MATERIAL PROVIDED:
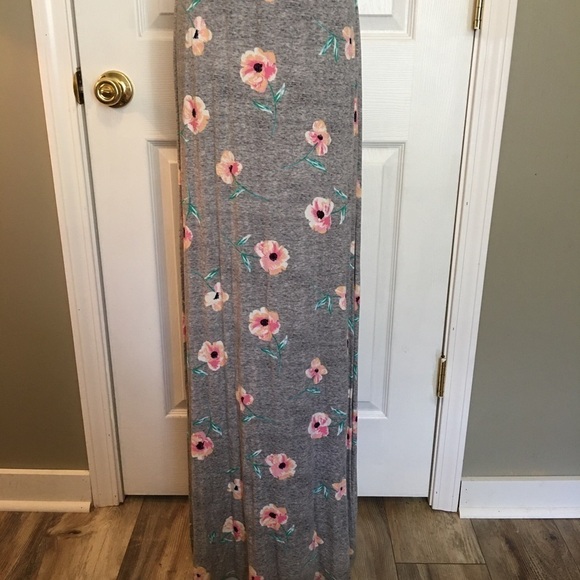 Dress by MAXI sz S. Maxi length. Pit to pit measures 15” across and is 59” long. - Picture 4 of 9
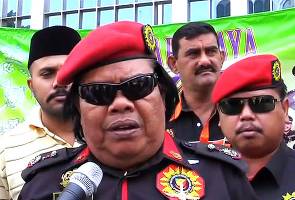 Isu vape: 'Kalau hendak cukai cakaplah terang-terang' - Rani Kulup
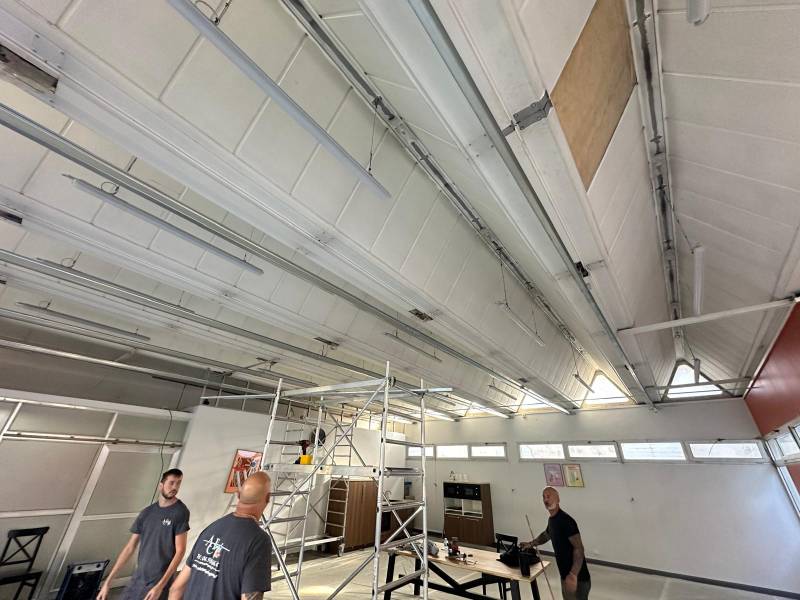 Cabriès - Rénovation d'espaces de bureaux avec de nouveaux plafonds acoustiques.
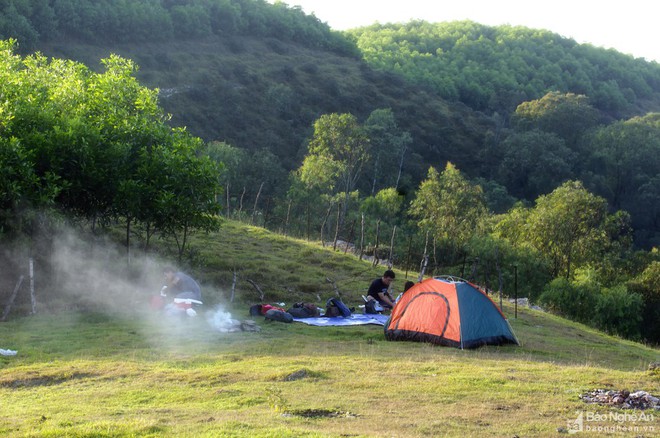 Ngọn núi ở Nghệ An cao chỉ hơn 100m, du khách nhận xét cảnh như nước ngoài, trên đỉnh có di tích đặc biệt - Ảnh 14.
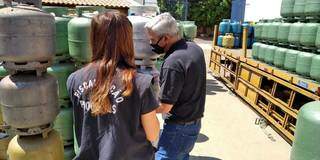 Agentes do Procon-MS e da Polícia Civil fiscalizaram quatro depósitos de revenda de gás. (Foto: Divulgação/Procon)
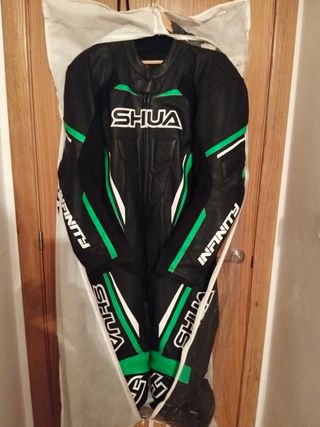 Mono moto cuero SHUA talla 56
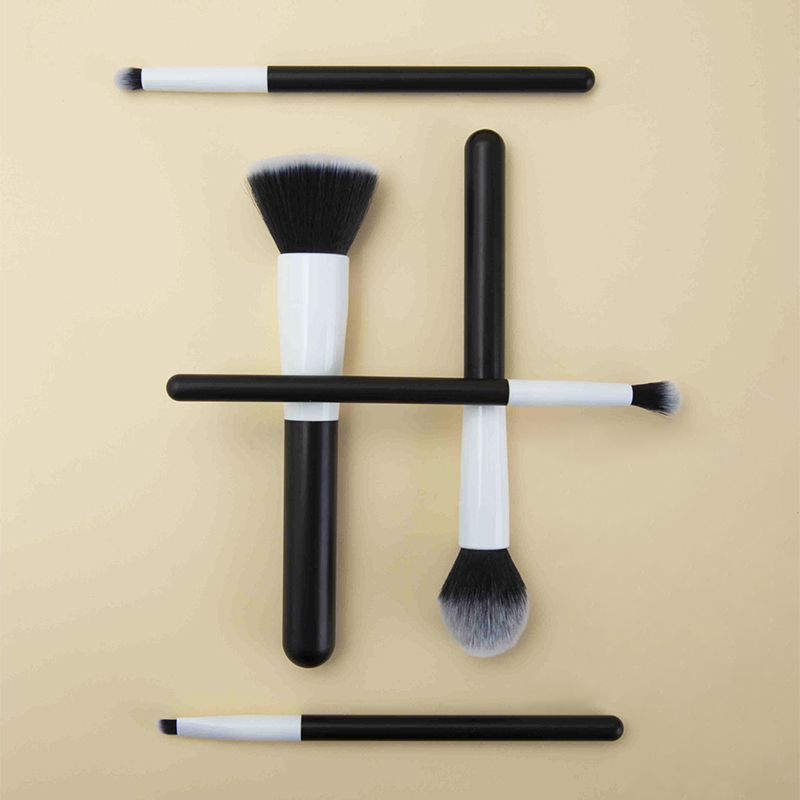 Deciphering the Distinctions of Soft Dense Bristles Makeup Brush from Standard Brushes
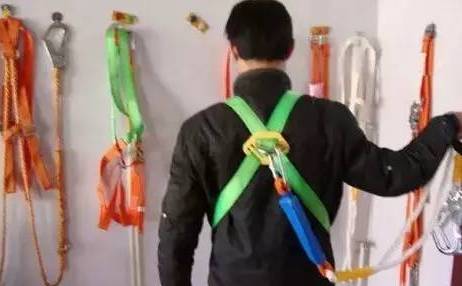 逃生绳使用_安全绳的使用方法_下降使用静力绳还是动力绳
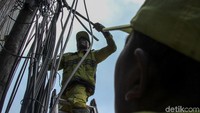 Kabel-kabel itu dipangkas oleh petugas untuk kemudian diangkut ke truk.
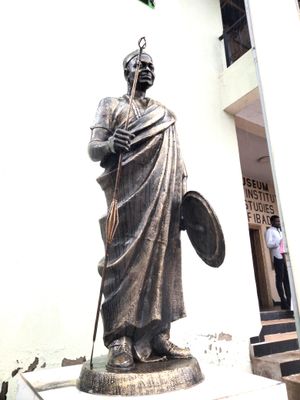 Nri 왕국 왕세자 기념비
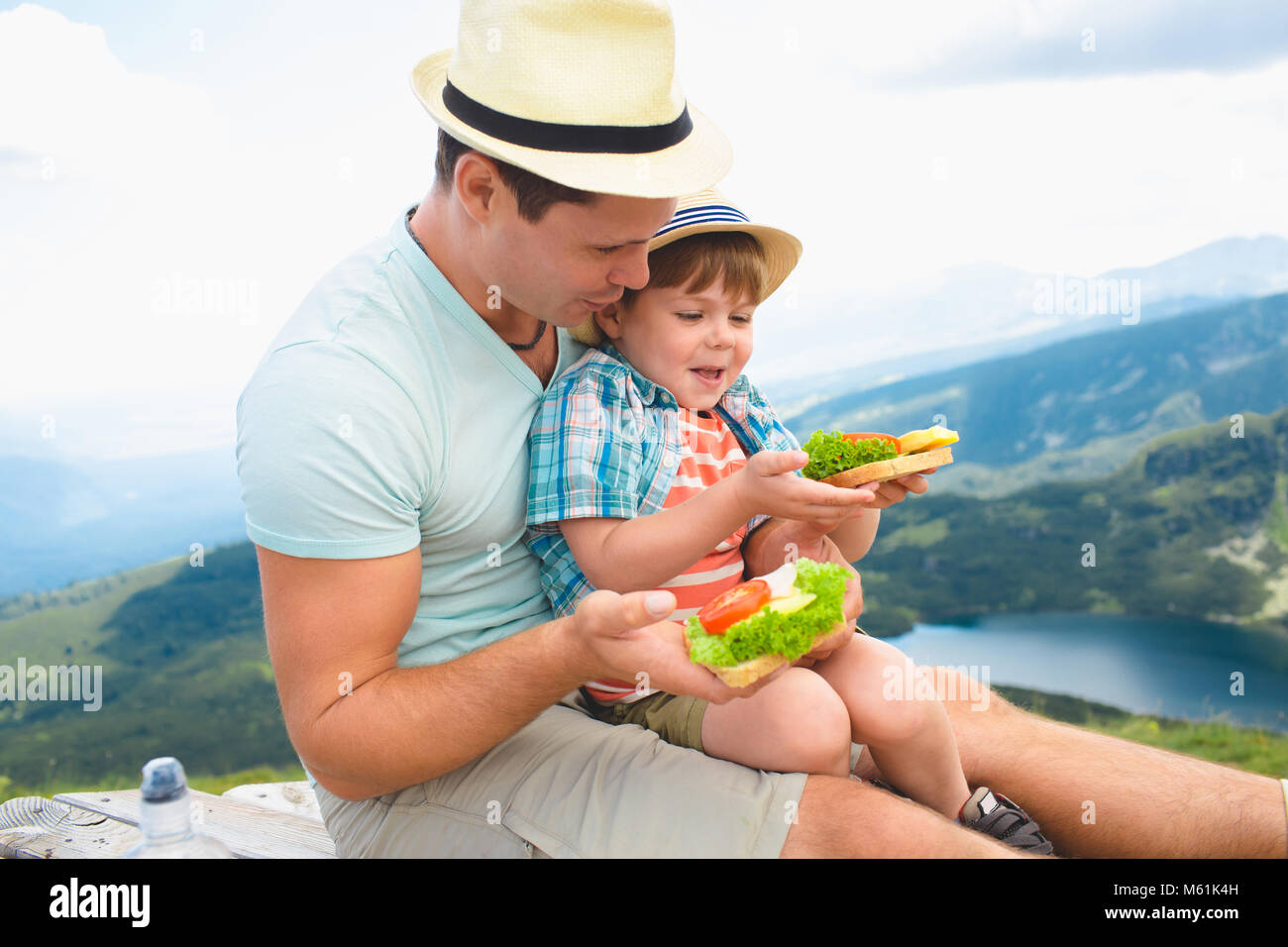 Famille sur un pique-nique dans les montagnes Banque D'Images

WHAT IS EXPECTED: Beginning with the line that contains "Mono moto cuero SHUA talla 56" and ending with the final line of the listing, return each line exactly. Omit all pictures.

ANSWER SPACE:
 Mono moto cuero SHUA talla 56
 Deciphering the Distinctions of Soft Dense Bristles Makeup Brush from Standard Brushes
 逃生绳使用_安全绳的使用方法_下降使用静力绳还是动力绳
 Kabel-kabel itu dipangkas oleh petugas untuk kemudian diangkut ke truk.
 Nri 왕국 왕세자 기념비
 Famille sur un pique-nique dans les montagnes Banque D'Images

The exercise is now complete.